NAIROBI, April 6 (Xinhua) -- About 124,000 people have fled the Somali
capital of Mogadishu since February due to the recent fighting between
Ethiopian-backed transitional government and insurgents and the number of
displaced continues to increase daily, the UN refugee agency said on Friday.
According to an update from the Office of the UN High Commissioner for
Refugees (UNHCR), over 11,000 people have so far left since the beginning of
this month.
It decried that the lack of access to the city and its surroundings due to
the bloodshed has severely hampered humanitarian agencies from scaling up
responses to meet vast needs.
"So far, among them over 11,000 have left since April 1, nearly 73,000 have
left in March and 40,000 have left in February," the UNHCR said in a statement
issued in Nairobi.
Most of the displaced civilians have been heading for neighboring provinces
of Shabelle Hoose (Lower Shabelle) and Shabelle Dhexe (Middle Shabelle).

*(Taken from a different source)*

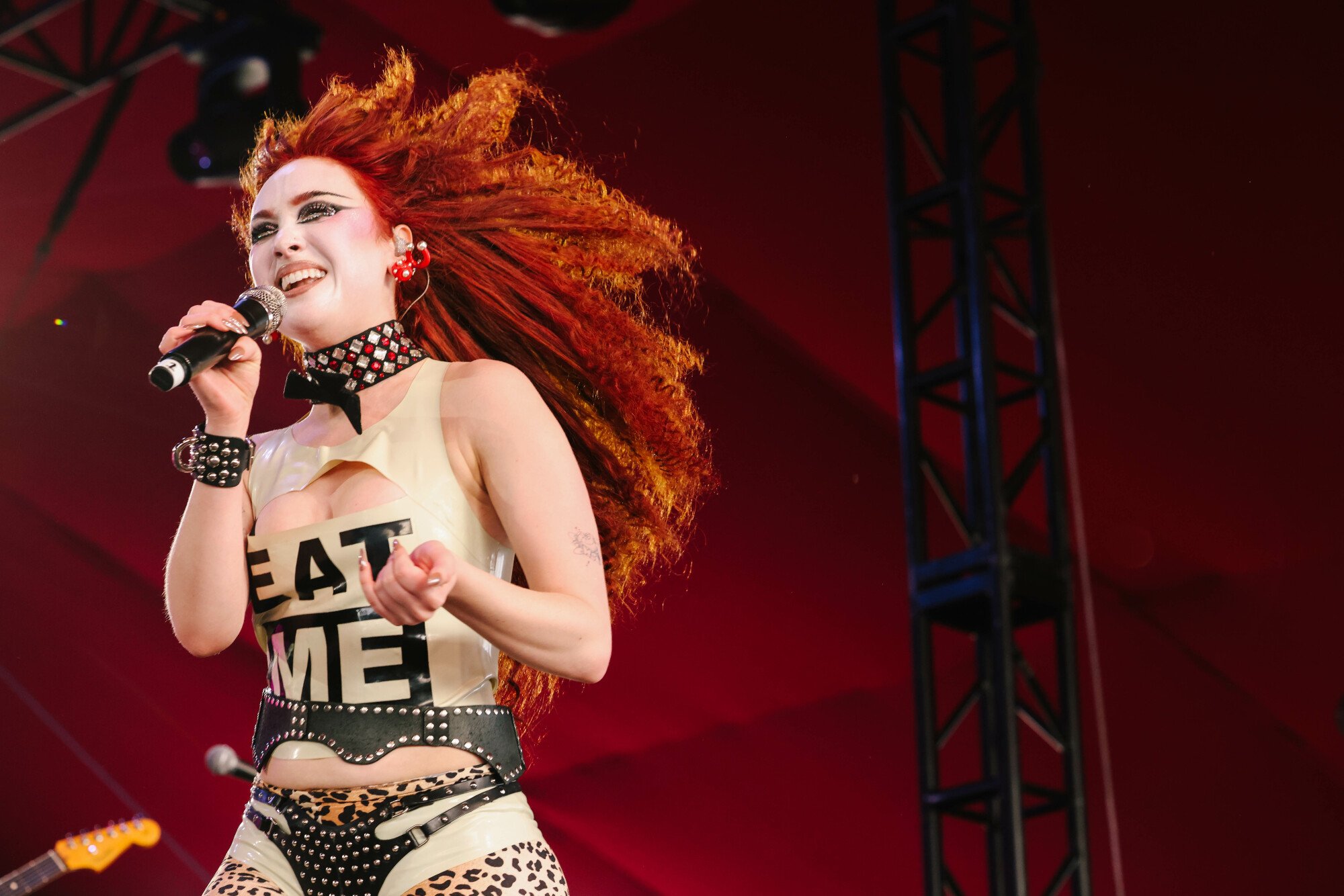 Chappell Roan, with wild red curly hair, wearing an "EAT ME" shirt and holding a mic on stage at Coachella.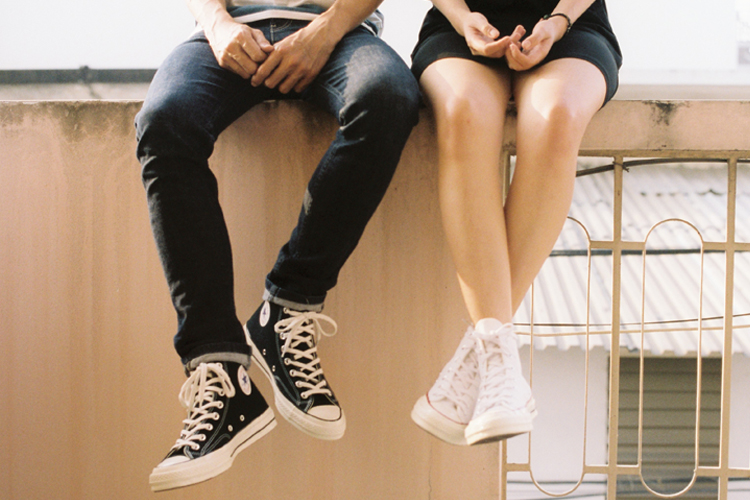 [fotografía] extremidades inferiores de varón y mujer sentados en una tapia baja, él con las piernas abiertas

Violence in the bullet-scarred Mogadishu has increased since the
Transitional Federal Government backed by Ethiopian forces dislodged the Supreme
Council of Islamic Courts from Mogadishu and much of the rest of the country at
the end of last year.
There are currently an estimated 400,000 internal displaced people in
Somalia, which has been torn apart by factional fighting and has not a
functioning central government since 1991.
Thousands of others have fled to neighboring countries.